The proposed mechanisms to explain these benefits include the following:
Modulation of peripheral taste sensation: GLP analogues can directly influence the taste receptors. Human GLP-1 is found in mammalian taste cells (type 2 and type 3). The weight loss observed with GLP receptor agonists has been associated with reduction in food intake and weight loss in rats. GLP-1 may help modulate taste sensation which may further contribute to its anorexigenic effect.[68]

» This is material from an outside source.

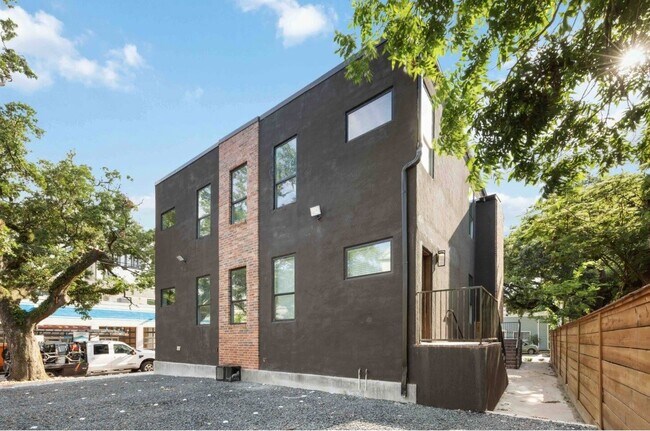Foto del edificio - 214 Welch St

Central modulation of energy intake: Preclinical studies indicate enhanced expression of c-Fos in the nucleus tractus solitarii, area postrema and central nucleus of the amygdale in response to GLP, which are central regulators of energy metabolism. Specific hypothalamic nuclei (DMN, PVN, ARC and VMN) serve as control centers for appetite. The ARC nucleus lies outside the blood–brain barrier and is the major target for peripheral hormones that regulate appetite, like GLP. The ARC contains two distinct types of neurons, anorexigenic [neuropeptides pro-opiomelanocortin (POMC) and cocaine- and amphetamine-regulated transcript (CART)] and orexigenic [neuropeptide Y (NPY) and agouti-related protein (AgRP)]. There exist several NPY-receptors (NPY-R); NPYR1- and Y5-receptor activation appears to stimulate appetite, while NPYRY2- and Y4-receptor activation suppresses food intake via presynaptic inhibition of NPY release. GLP-1 has shown to antagonize the orexigenic effects of NPY. Central GLP-1 augmentation results in an anorexigenic effect with a reduction in appetite by 12% approximately for the subsequent meal.[69–74] Also, corticotropin-releasing hormone and thyrotropin-releasing hormone are anorexigenic peptides expressed in the PVN nuclei of hypothalamus. GLP-1 has shown to increase the release of corticotropin in the hypothalamus, further contributing to appetite suppression.[75]
Peripheral modulation of energy intake in concert with central mechanisms: In response to food and nutrients in the proximal gastrointestinal tract, signals are carried from the lamina propria via the vagal afferents (parasympathetic system) to the center. The nucleus tractus solitarius primarily receives afferents from the vagus. Studies have shown that the caudal neurons of the nucleus of the solitary tract containing GLP-1 project to the PVN nucleus of the hypothalamus (satiety center) to cause central suppression of appetite and food intake, participating in the regulation of energy intake. Efferents from the center are also generated to project back to the gastrointestinal tract, resulting in gastric slowing by a mechanism called “ileal-break.” Preclinical studies have also shown that the production of GLP-1 is dependent on the presence of an intact autonomic nervous system, without which weight gain results. It is tempting to speculate that this may constitute a prandial satiety signal. Leptin is a quantitative marker and product of the ob gene in white adipose tissue. The leptin receptor has been found on the membrane of the GLP-1 secreting intestinal L-cells. Leptin can stimulate GLP-1 secretion from fetal rat and human intestinal L-cells in a dose-dependent manner. Leptin has been shown to activate the hypothalamic circuits, leading to the inhibition of food intake. T2DM and obesity is associated with leptin receptor resistance leading to reduced GLP-1 secretion and hypothalamic activation in favor of increased energy intake.[76–78]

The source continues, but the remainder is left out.